External Proxy Load Balancing
Network admin can configure an external load balancer (LB), with the CE SLO/SLI IP addresses in its origin pool, to spread the traffic across CE nodes. This can be a TCP or HTTP load balancer.
For an external TCP LB, the client IP will be lost as the LB will SNAT the request before forwarding it to the CE nodes. F5XC does not support proxy protocol on the client side so it cannot be used to convey the client IP to the load balancer on the CE.
For an external HTTP LB, the traffic will still get SNAT-ed, but the client IP can be persisted to the CE nodes if the external LB can add the X-Forwarded-For header to the request.
If the LB on the CE site is a HTTPS LB or TCP LB with TLS enabled, the external LB will have to host the TLS certificate as it will terminate the client TLS sessions. A wild card certificate can be used to simplify this issue, but this may not always be a viable option for the applications.
In case of public cloud deployments where L2 ARP and routing protocols may not work, in addition to TCP or HTTP load balancers, users also have the option to use Network Load Balancer on AWS and Google Cloud, Standard Load Balancer on Azure or similar feature on other public clouds, that does not SNAT the traffic but just forwards it to the CE nodes just like a router running ECMP.
Note: For multi-node public cloud sites created using the F5XC console, it will automatically create the required cloud native LB. But we also support manual CE deployment in the cloud in which case the user will have to create the LB.
Figure: External LB
Pros:
- All active nodes can receive the traffic.
- Health probes can be configured to get F5XC LB health to avoid traffic blackholing.
- Can scale with worker nodes.
- Works for public cloud deployments.
Cons:
- Managing certificates on external LB can be operationally challenging for TLS traffic.
- No source IP retention in the case of TCP LB
- Adds additional proxy hop.
- External LB can become a performance bottleneck even if CE is scaled out using worker nodes.
When To Use:
- There is an existing load balancer (usually in DMZ) in the traffic path, but CE is used for additional services like WAAP, DDoS, etc.
- In public clouds where cloud LBs can be used to load balance to the nodes.
DNS Load Balancing
Network admins can use DNS to resolve application hostnames to the SLI/SLO IP addresses on the CE Nodes.
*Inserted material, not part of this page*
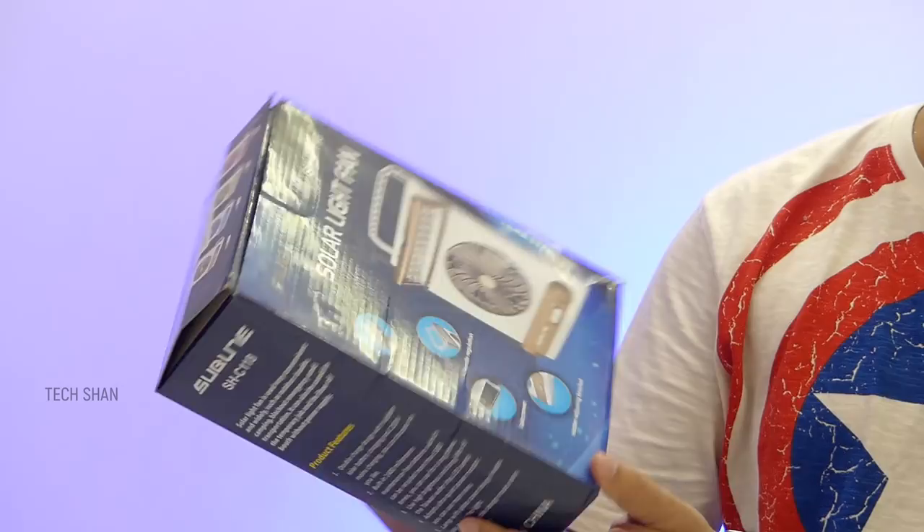It's a cute little secret box to store your stuff — a clock and a safe, double the purpose. Nice one to have at home; no one will have any idea there's something behind the clock.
The DNS can be configured to respond with one IP at a time in a round robin manner. Alternatively, a private DNS LB or Global Server Load Balancer (GSLB) can be used which can make load-based intelligent decisions to distribute the traffic more evenly. User-specified VIPs must not be used in this case as the hostname must resolve to the individual node’s SLI/SLO IP address for the traffic to get routed to the node.
Figure: DNS LB
Pros:
- Can be configured using existing DNS servers.
- Can scale with worker nodes.
- Works for public cloud deployments. (Not recommended as better options are available)
- This does not add a L4/L7 hop to the traffic path.
Cons:
- Needs DNS configuration changes external to F5XC, every time a new LB VIP is created/deleted, or a new worker node is added.
- Traffic will get blackholed when a CE node fails, until the node’s IP is removed from the DNS configuration, or the node is restored.
- Intelligent distribution of traffic requires GSLB which can be expensive.
- Subject to DNS cache and TTL causing clients to resolve to a down CE node.
When To Use:
- The application team only has access to GSLB or DNS server and does not want to limit the traffic to only one node at a time as in the case of the VRRP/GARP option
- High performance is not a requirement as multiple clients may resolve to the same node even if the site has multiple nodes
- Can be used in the public cloud if the user does not want to create an external LB.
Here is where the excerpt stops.